Tutti si chiedevano il segreto del meccanismo. Alla fine, si scoprì che nella scatola che azionava il turco non c’erano ingranaggi automatici, ma semplicemente in piccolo uomo, molto bravo a giocare a scacchi, che azionava l’automa. Dietro l’automazione meccanica non c’era altro che il lavoro di un uomo, in carne ed ossa.
Nel 2005 Amazon si è ispirata a questa storia per dare il nome alla sua piattaforma di crowdsourcing, la Amazon Mechanical Turk. Le piattaforme di crowdsourcing permettono di organizzare e dirigere i compiti (task) svolti da migliaia di esseri umani in giro per il mondo, e sono utilizzate da molte aziende per addestrare e raccogliere dati usati dalle IA.

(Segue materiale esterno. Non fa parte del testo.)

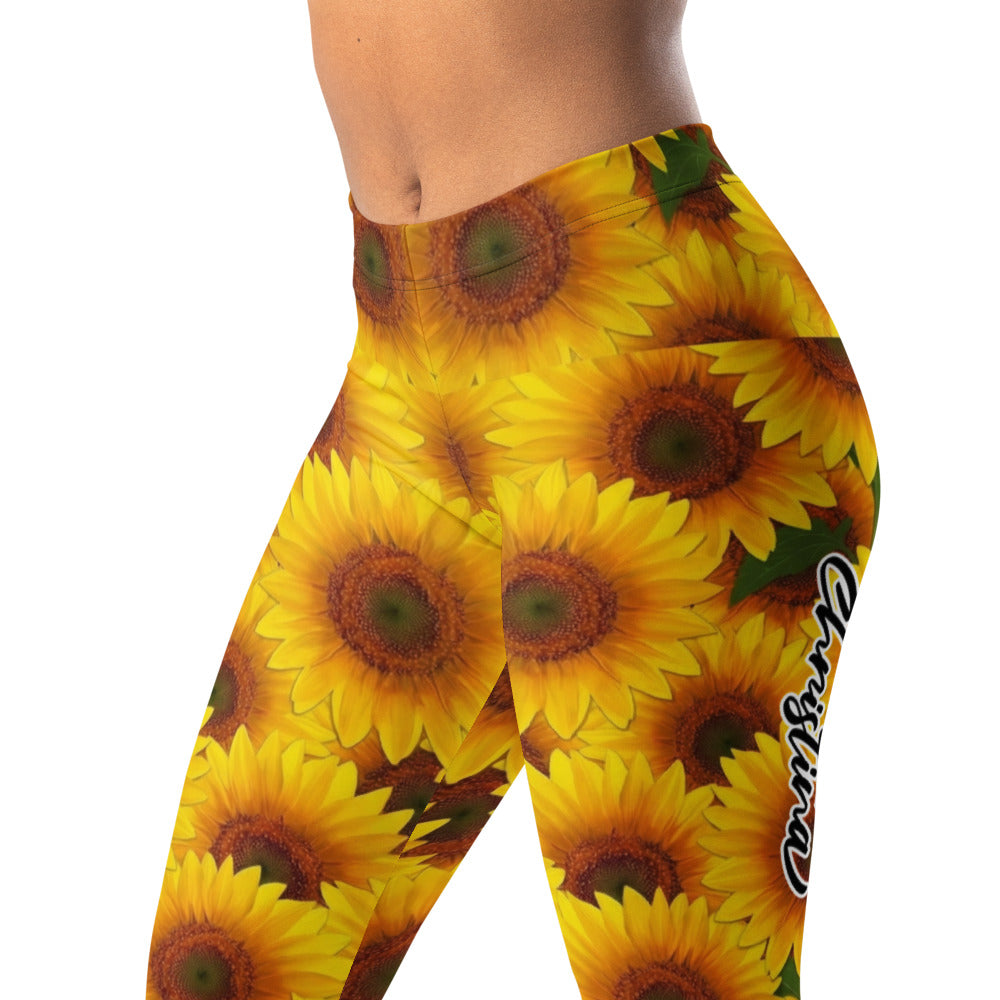 Personalisierte Damen Sportleggings Sonnenblumen Muster Gelb Fitness Leggings Blumenmuster F927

L’esercito sottopagato che rende viva l’IA
In poche parole, la piattaforma di Amazon permette di spacchettare milioni di operazioni ripetitive, come classificare immagini o riconoscere un contenuto social violento, in piccole azioni da far svolgere a migliaia di lavoratori contemporaneamente. Queste azioni vengono ricompensate anche poche centesimi l’una; ciò permette di ridurre i costi di sviluppo di una tecnologia come l’intelligenza artificiale, grazie alle migliaia di lavoratori che vivono in paesi a basso reddito o che non hanno alternative per sopravvivere.
Le aziende che si vantano di essere “FullAI”, e completamente digitali, sono in realtà sorrette da migliaia di lavoratori costretti dalle circostanze sociali a svolgere attività ripetitive e pagate in modo misero. Questi lavoratori non hanno la piena libertà di scegliere un altro lavoro, come nel caso di una persona detenuta, e in alcuni casi possono arrivare a guadagnare meno di 2€ l’ora, mentre dall’altra parte del mondo dirigenti di imprese digitali ricevono investimenti milionari.